Lesson 4: Bitcoin or Ethereum? Same musical sheet, different melody
Even though the two most popular cryptocurrencies are both blockchain based, they have their differences. Ranging from their creation or value to their issue or the consensus profile they use, Bitcoin and Ethereum are battling to rule the crypto scene.
American football and rugby, pizza and meat pie, yoga and pilates. As much as any two sports, dishes or fitness pursuits share many things, they also differ in many ways. The same holds for Bitcoin (BTC) and Ethereum (ETH): both are blockchain based, but, whereas Bitcoin has basically been developed to function as a means of digital payment, Ethereum seeks to become the quintessential platform when it comes to developing and distributing decentralised apps, particularly financial sector ones (DeFi). Both of these most popular cryptocurrencies share certain features, but also display quite a few differences.
How did they come about?
Let’s start at the beginning. Back in 2009, Satoshi Nakamoto, the Bitcoin creator, started the cryptocurrency revolution. As is the case with the famed British graffiti artist, Banksy, nobody really knows who Nakamoto is. He left Bitcoin in the community’s hands some time ago.
Ethereum, on the other hand, was created by a team of developers, among which the programmer and writer, Vitalik Buterin, born in Russia, brought up in Canada and currently living in Switzerland, is the most well-known.
Bitcoin was developed completely openly. Satoshi Nakamoto neither asked for nor raised funds. The original group of developers were unpaid. Today, only a few of them receive a salary courtesy of individual donations from foundations and organisations that support the crypto world.

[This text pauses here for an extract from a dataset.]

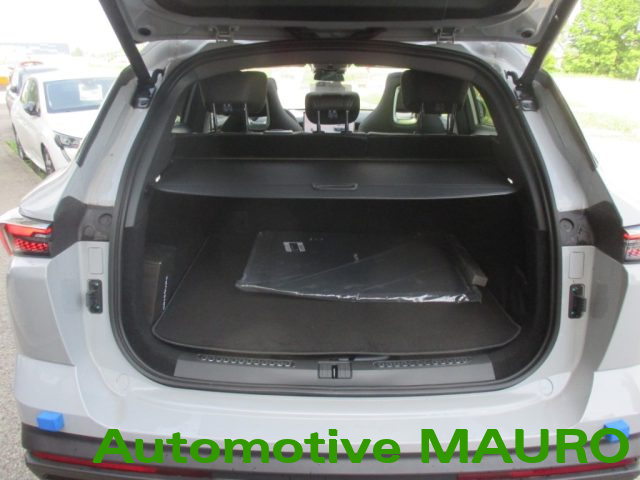 SPORTEQUIPE Sportequipe 6 GT usata, con Fari LED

Ethereum developed after an initial offer of money was made in 2014 –a process known as an Initial Coin Offering (ICO)–, which raised $18 million. Developers, designers, translators and other key actors in making the project a reality were paid from this capital.

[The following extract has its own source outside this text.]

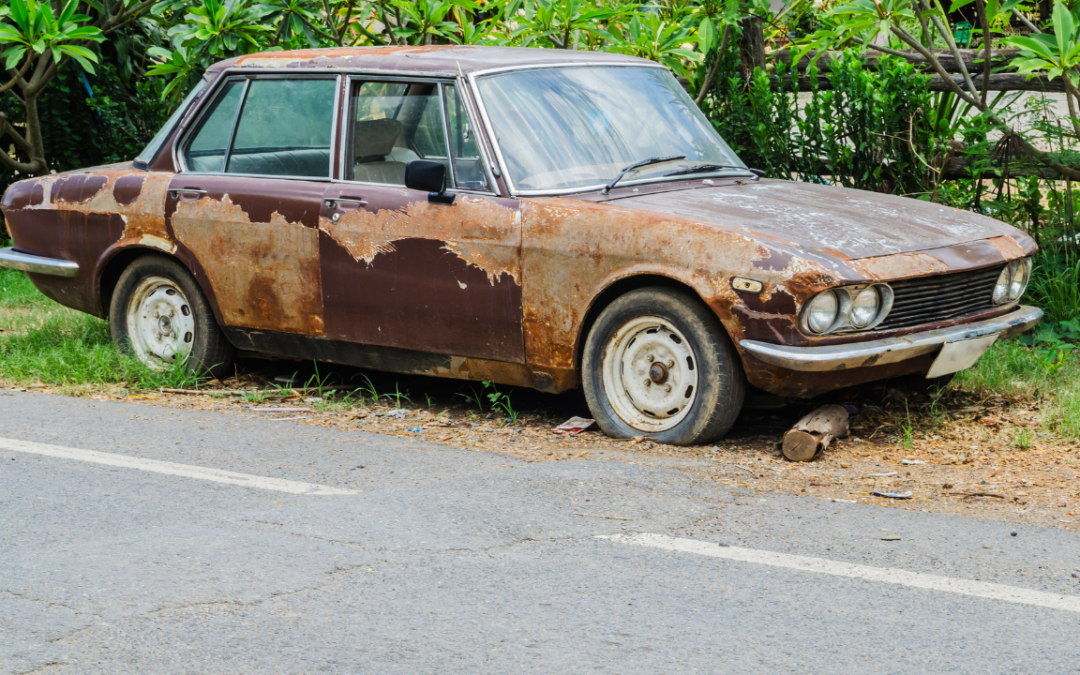 Best Junk Removal in Roxborough Park, CO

Bitcoin is a decentralised cryptocurrency. It is the network with the most nodes, miners, developers, processing power and forks (when the nodes decide to make changes to the software).
Ethereum, on the other hand, is more centralised by its developers, who map the direction to be followed by the design of the blockchain.
To date, the Bitcoin token has always been worth more than the Ethereum one. In 2023, a BTC is priced at €25,651, whereas an ETH stands at €1,704. Apart from the fact that the Bitcoin is better known and more widespread, one of the reasons behind this price difference is the issuance model used.
Bitcoin has a limited number of coins: 21 million to be exact. At present, 90% of the total has already been issued.
The Ethereum issue system knows no limit and is inflationary, though it has control measures in place such as token burning to avoid inflation rising over 2% a year.
Another of the big differences between Bitcoin and Ethereum lies in their consent protocols. Bitcoin uses the Proof of Work (PoW) model, which is a mining model only open to application-specific integrated circuit (ASIC) miner devices, which are basically powerful computers that perform very specific functions. Miners receive a reward when they manage to be the first ones to solve the calculation that validates a new block.Since September 2022, after ‘The Merge’, Ethereum has been using the Proof of Stake (PoS) model, which has cut energy costs by 99%, as transaction validation is no longer generated by a complex mathematical calculation. Anybody that wishes to be selected to add blocks to a PoS blockchain must stake a certain amount of their crypto coins as collateral. Selection, or the possibility of being selected, is random, though those staking the bigger amounts of crypto coins have a better chance of being selected.